So good, then, to hear the oleaginous Francis Maude - a man who looks like an owner of a provincial budget furniture warehouse - so enraged about “intimidation”! How gratifying to hear tirades against those holding the Scottish economy to ransom. Except, somehow both unbelievably and predictably, it is Unite who is supposed to have been intimidating Ratcliffe, and its “intransigence” responsible for bringing Grangemouth to the brink.

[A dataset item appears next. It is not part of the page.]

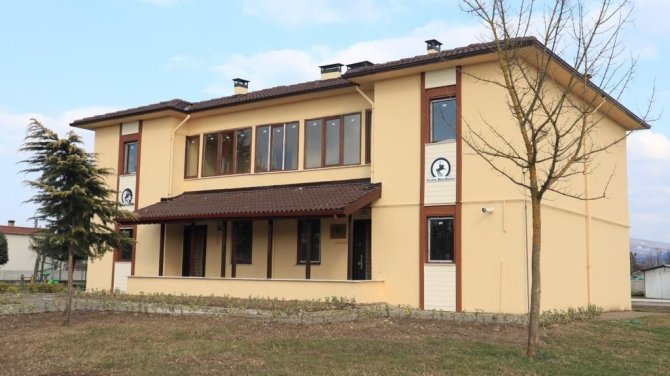 Düzceli Kadınlara Beceri Kazandırılacak
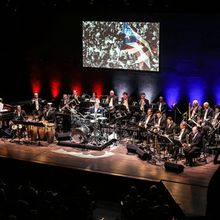 Bobby Sanabria Multiverse Big Band To Reimagine WEST SIDE STORY At McCarter Theatre i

More flagrant nonsense would be difficult to imagine. The “intimidation” of the beleaguered billionaire owner of the largest private company in Britain seems to boil down to a small protest, with a clutch of pickets, the so-called’ leverage team’, turning up at the house of one of his managers with a giant inflatable rat. We are not exactly talking Godfather-type antics here. We may assume that, given that he cowed the mighty demon that is the Grangemouth Unite branch, Ratcliffe was not himself intimidated by this small, peaceful protest.

The Tories - goaded on by the Murdoch press and their new election guru, sociopathic lobbyist Lynton Crosby - have decided that all this amounts to a campaign of intimidation by the unions, into which there must be an inquiry. Playing his usual role of pretending to moderate the Tories’ ‘excesses’, Nick Clegg has ensured that blacklisting will also be on the agenda. How hollow a gesture this is can be measured in the fact that the chair of the inquiry is to be Bruce Carr QC, who has lived a rich and profitable life representing employers against trade unions.1

Those of us further left than Frances O’Grady might wonder, in fact, whether things might have turned out better if there had been some serious intimidation on the union side. With a boss as venal as Ratcliffe threatening the livelihoods of thousands, only a hypocrite could rule out a proportionate response from angry workers. On some occasions in history where laws concerning unions were highly restrictive, it has been for fear of workers combining to do something worse; in the days of embryonic industrial action, a more common tactic than the withdrawal of labour was razing factory buildings to the ground. That is intimidation.

Real target

In this case, however, it is scarcely believable that the unions are the real target. We are not talking Maggie versus the miners here. The industrial organisations of the working class are battered and cowed. If you discount the two big union days of action in recent years, strike action has barely risen since the start of the crisis and the latest onslaught on living standards. If Francis Maude - who is so successfully battering the Public and Commercial Services union in his spare time - is genuinely frightened of the unions, then he needs to be committed.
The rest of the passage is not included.